Algunos políticos con presupuesto público en sus manos han propuesto que los padres puedan imponer un apagón informativo sobre los métodos de enseñanza a los que su prole está expuesta en el colegio, mediante un derecho a veto que ellos, para que suene más guay, han llamado pin y que viene a ser como los dos rombos de la tele de los setenta. Por este sistema, los progenitores apelarán a su objeción de conciencia para impedir que sus hijos asistan a charlas complementarias a la actividad de clase y cuyo contenido decide nada más y nada menos que un claustro docente. Los defensores del veto creen que hay que proteger a los chavales del huracán de libertad ideológica y sexual que está acabando con los valores de toda la vida, los únicos y universales, a su entender. Con esta misma intención se prepara, por ejemplo en Baleares, una cruzada de diputados que inspeccionará las aulas fuera del horario lectivo en busca de garabatos facinerosos escritos a boli, y en lengua vernácula, en los pupitres. Asoman las listas negras y, por supuesto, no ha hecho falta que todo esto lo pidiera una multitud echada a la calle en señal de protesta porque a sus hijos les han sorbido el cerebro con el problema catalán o las nuevas masculinidades. Es lo que tiene ser político, que uno se adelanta a lo venidero, como en Minority Report, y así nunca sabremos qué había de cierto.
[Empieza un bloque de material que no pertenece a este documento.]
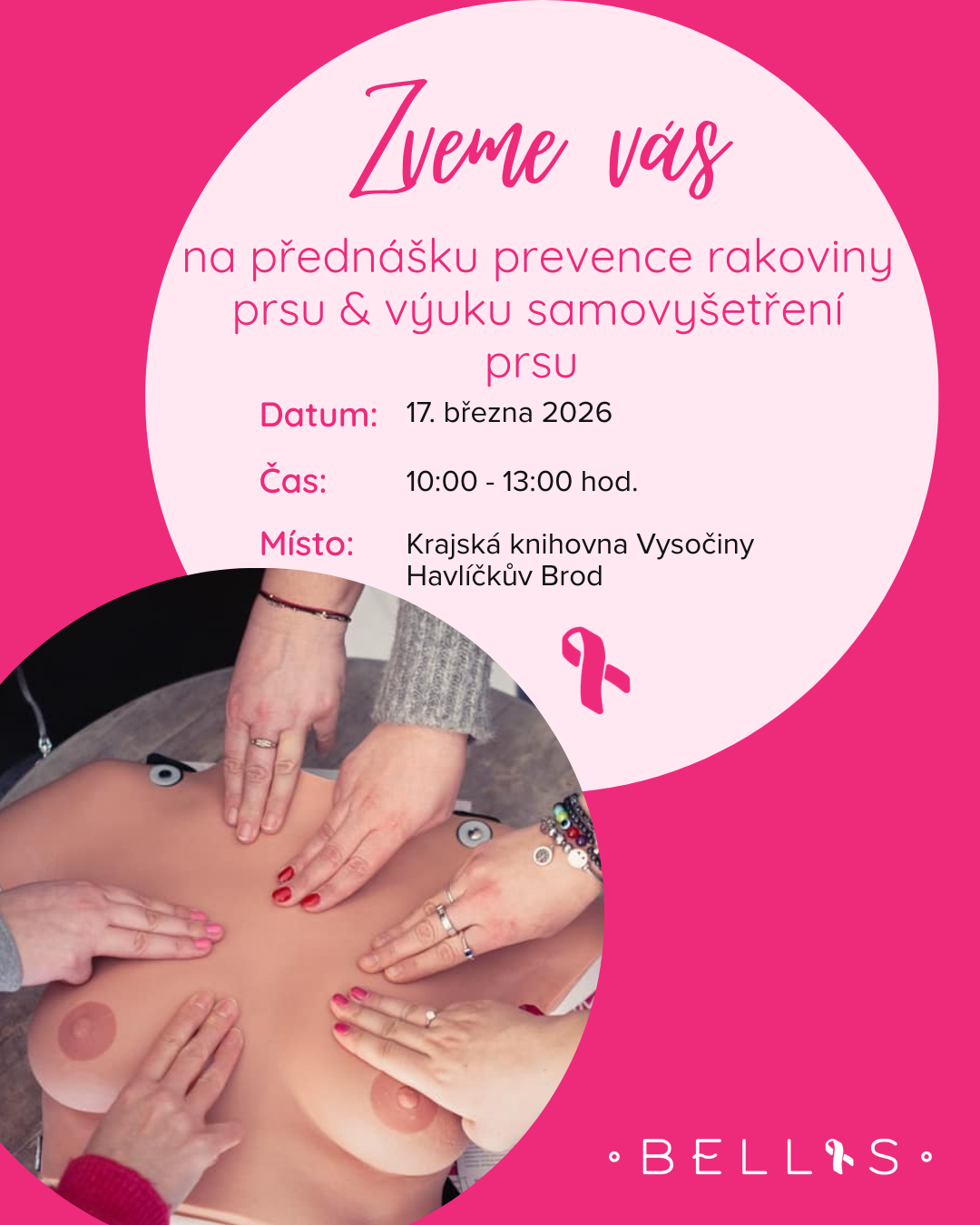 Pozvánka na přednášku a workshop V&nbsp;Havlíčkově Brodě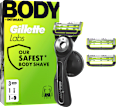 Rasierer, Labs Body & Intimate Vorteilspack Gillette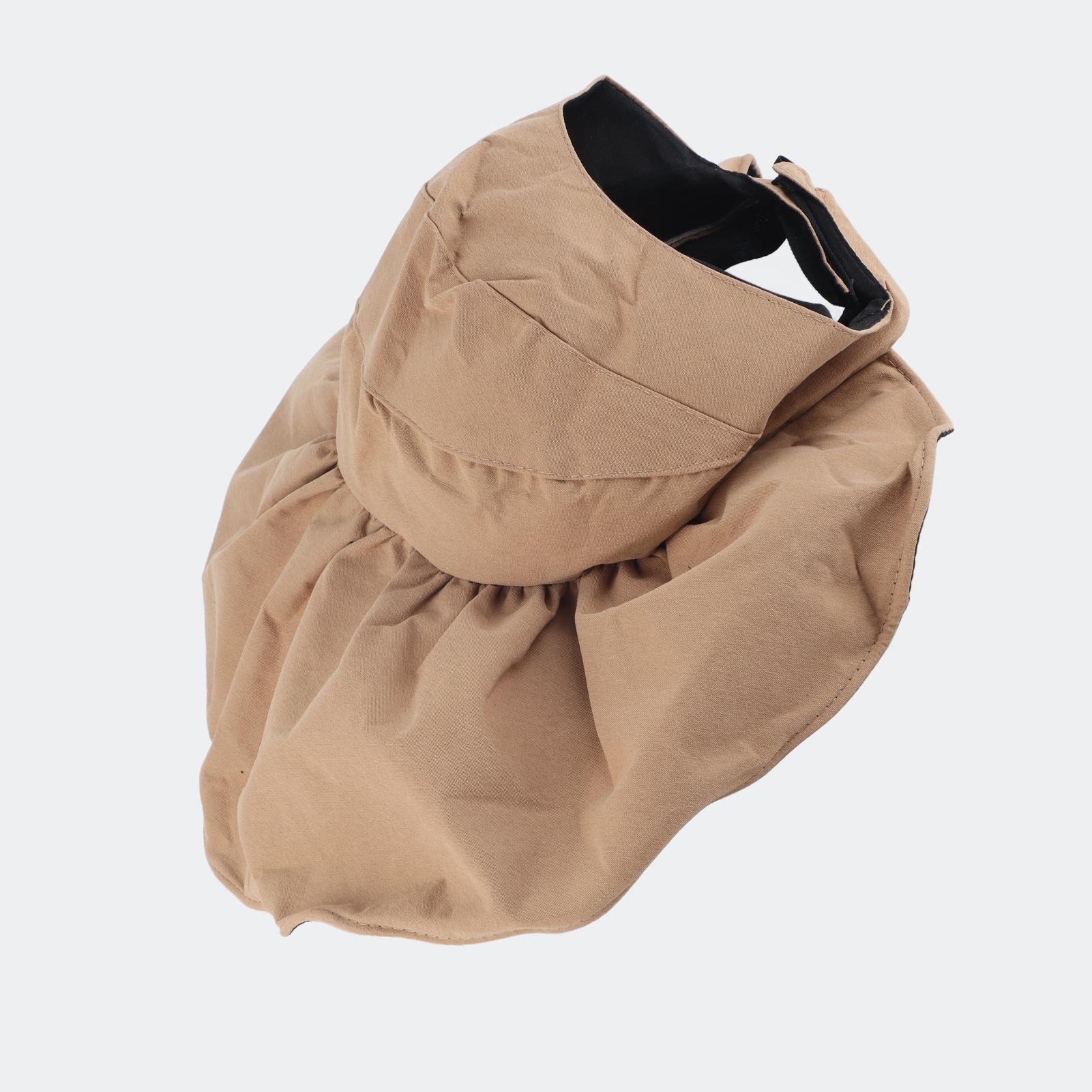 Summer Bucket Hat Women Foldable Outdoor Vinyl Coating UV Protection Visor Sun Hat for Beach Party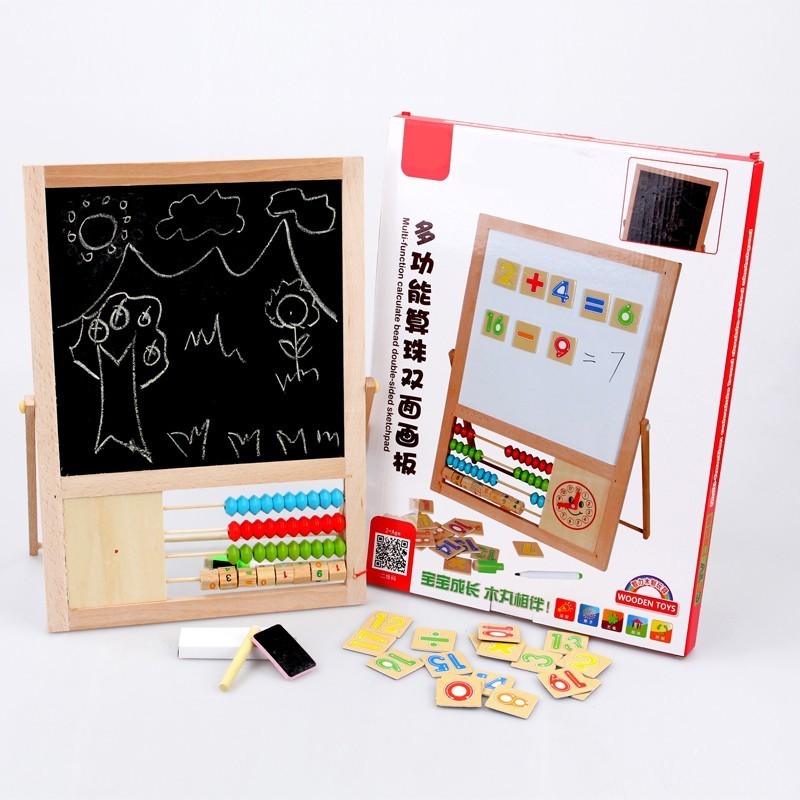 Tablica dwustronna z liczydłem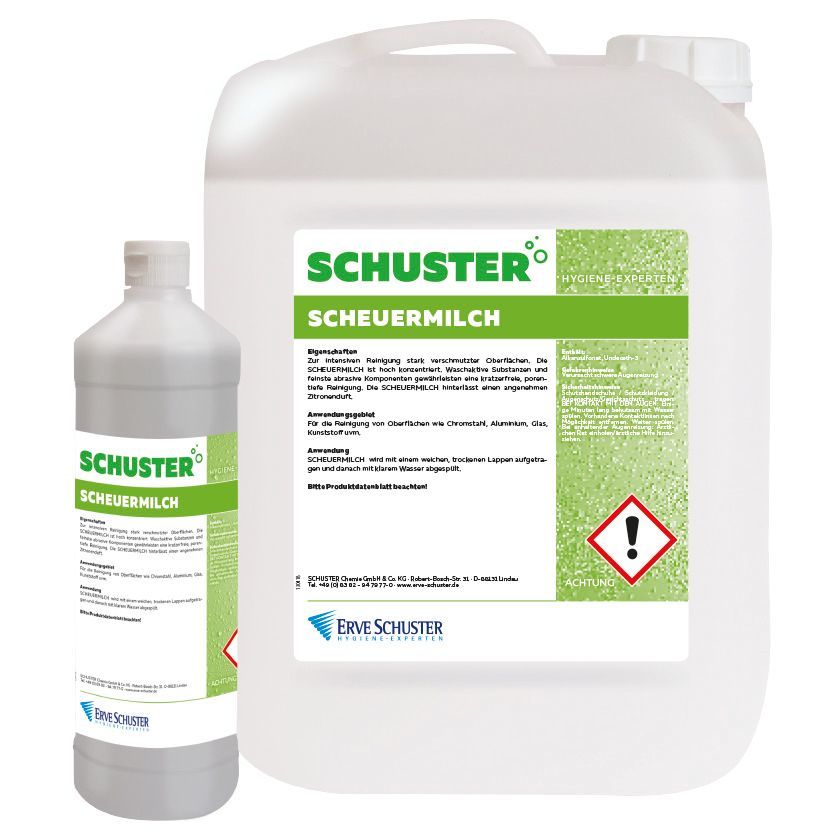 Waschaktive Substanzen und feinste abrasive Komponenten gewährleisten eine kratzerfreie sowie porentiefe Reinigung.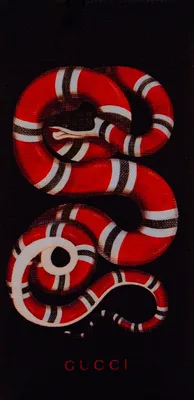 Gucci змея: фото на телефон и рабочий стол, различные форматы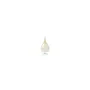 Julie Sandlau Elina White moonstone Anhänger Silber Vergoldet YG14-PD420WHMN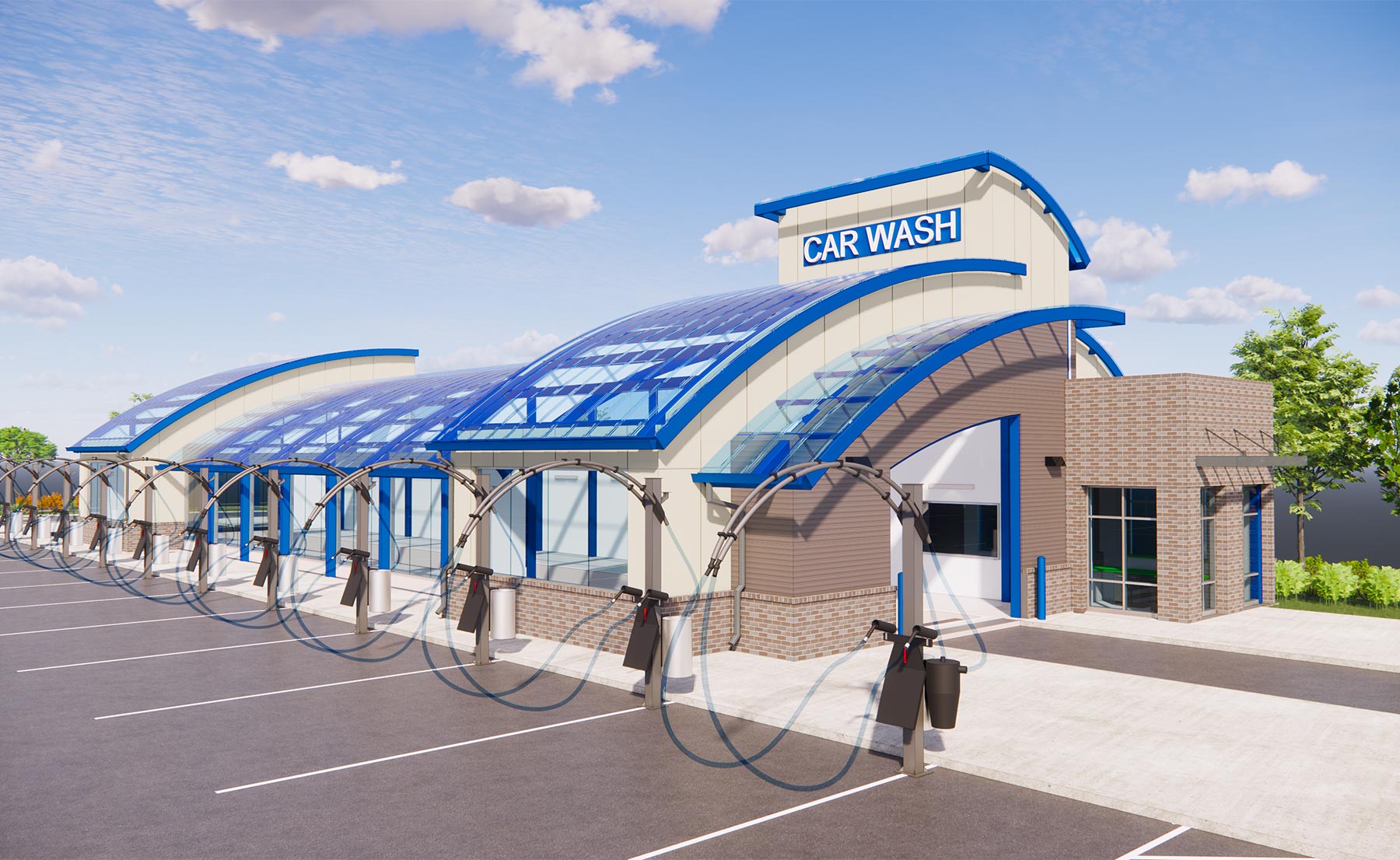 Premier Car Wash Building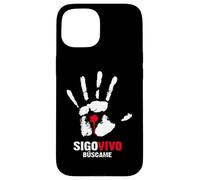 Sigo Vivo Búscame Versículos Frases Christian Spanish Verse Coque pour iPhone 15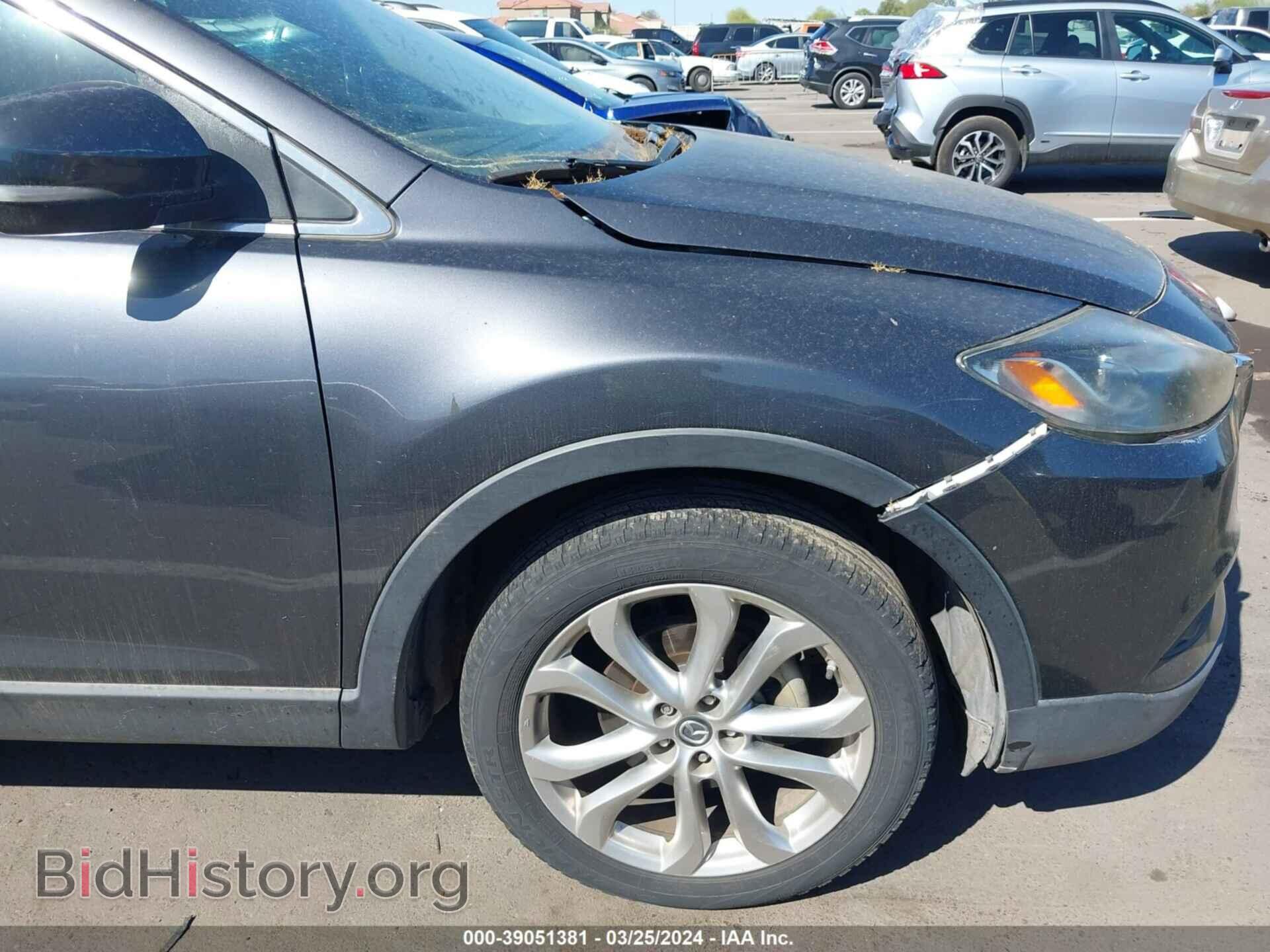 2013 MAZDA CX-9 - VIN: JM3TB3DV7D0400892 - Фото 16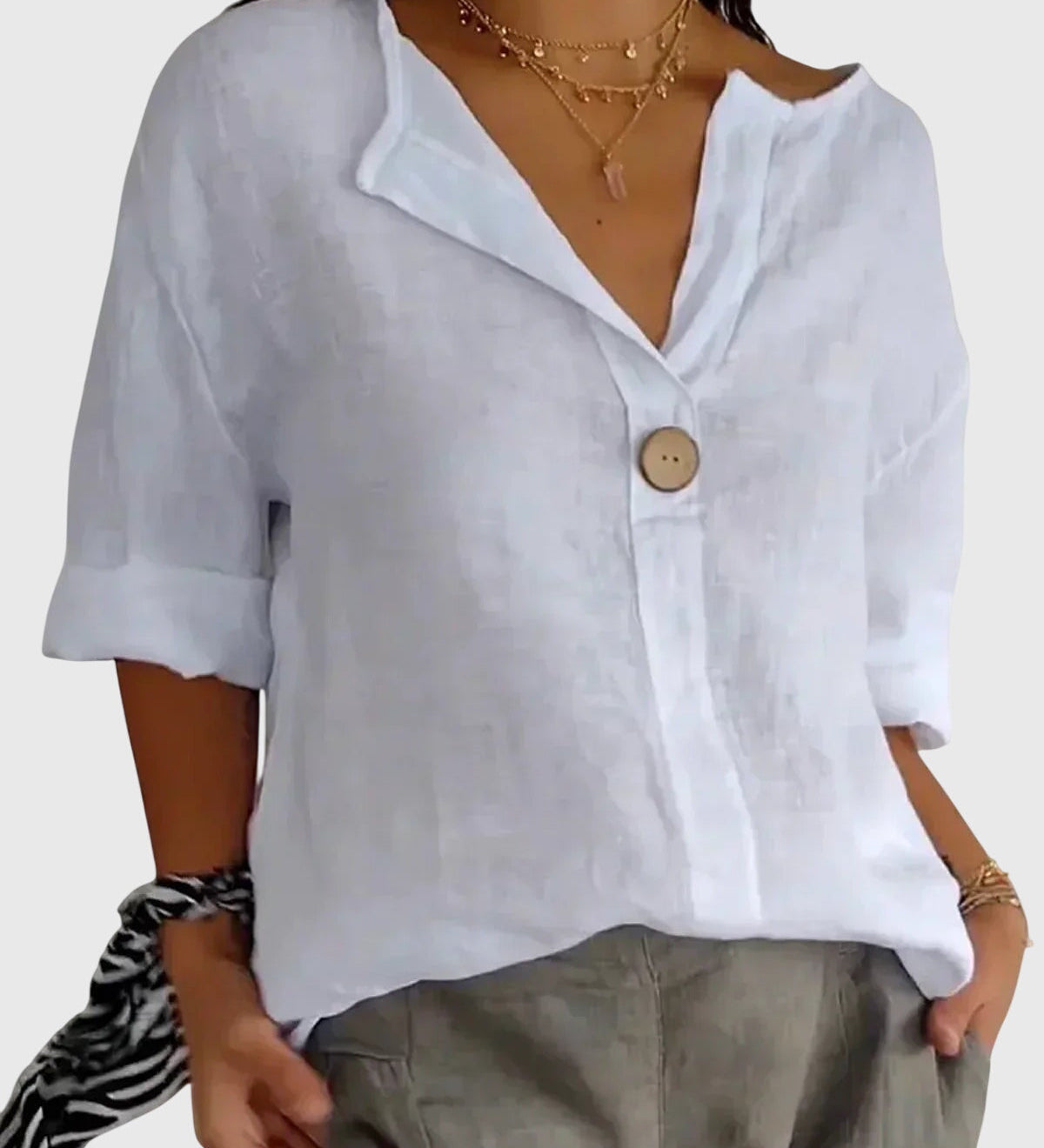 Gemma chique en comfortabele blouse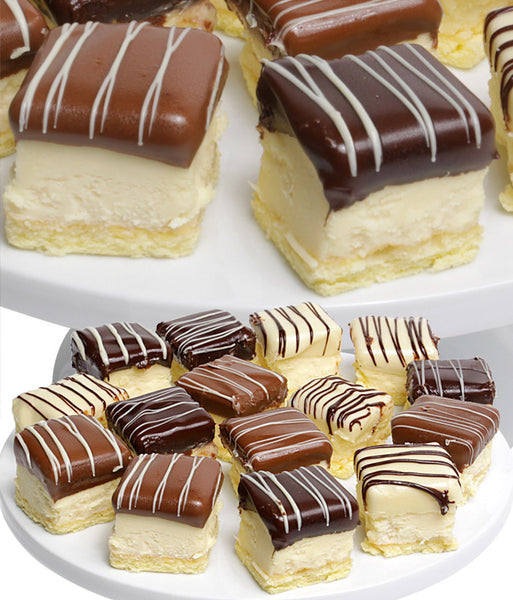 Chocolate Dipped Mini-Cheesecake Bites - 15pc - Chocolate Covered Company®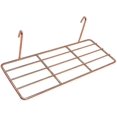 thumbnail image 1 of Metal Hanging Basket, Metal Wall Grid, Grid Display Rack, Grid Photo Wall, Wall Grid Hanging Tray, For Wall Art Small Object Display Rack, 1 of 5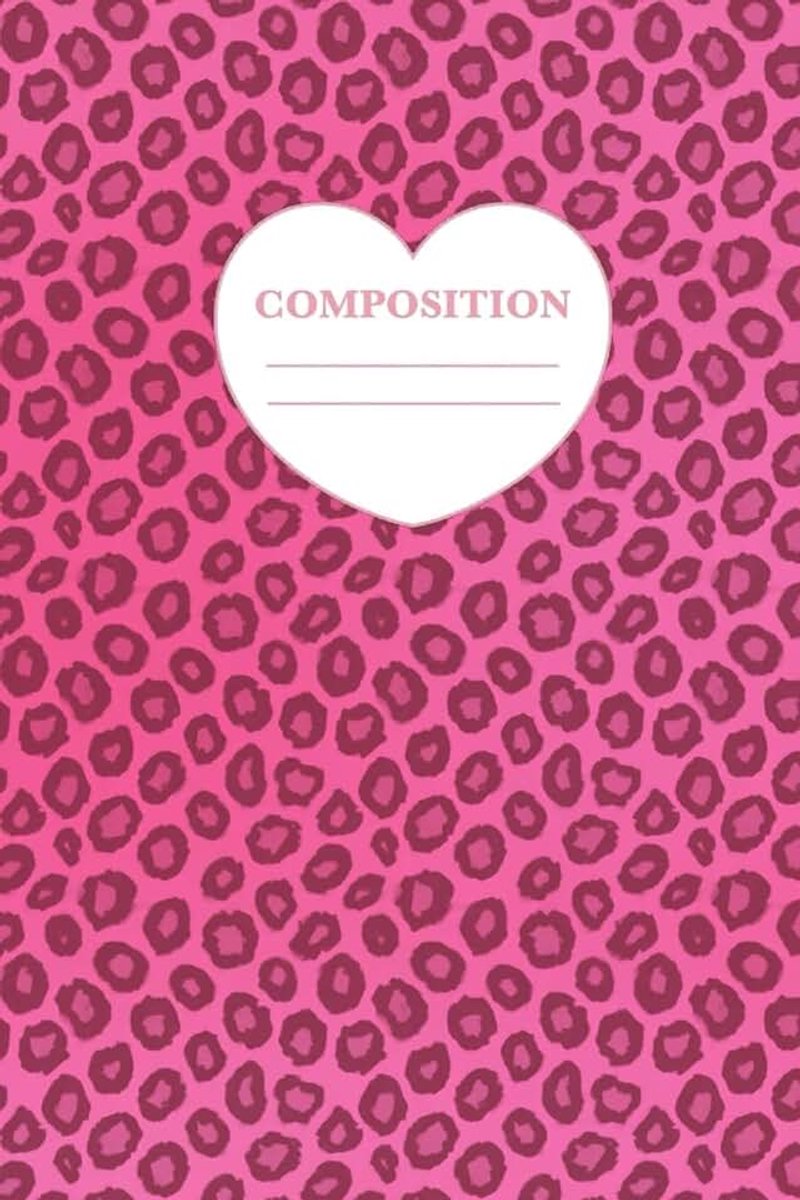 Leopard Composition Notebook: 300 Pages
Lo más curioso de todo este asunto son, al menos, un par de cosas. Por una parte, nadie ha preguntado a los alumnos qué opinan del dichoso pin, es decir, se ha practicado con ellos la estrategia del "porque lo digo yo", como en tantas otras cuestiones que les involucran directamente. La otra curiosidad es que no ven que si Juanito no puede asistir a la charla sobre LGTBI como el resto de sus compañeros, buscará esa información en internet, que no necesariamente es un lugar más fiable y seguro para documentarse. Podemos pronosticar una legión de insumisos a la objeción de conciencia parental. Pero lo verdaderamente preocupante es cómo una vez más se está tratando de utilizar el miedo como preventivo. Un temor que permite que toleremos mensajes que atentan contra valores que hemos conquistado con mucho esfuerzo, como la igualdad, la dignidad o la libertad.

El escritor José Luis Sampedro decía que "el miedo es mucho más fuerte que el amor y la bondad. Se empieza por asustar muchísimo a las personas, luego se les castiga un poco menos y la gente respira aliviada". Así funciona, como una cartilla de racionamiento del consuelo. "En tu hambre mandas tú", diría hoy Sampedro, como metáfora de la consciencia de la libertad, porque ser libre es no tener miedo ni pin que lo conjure.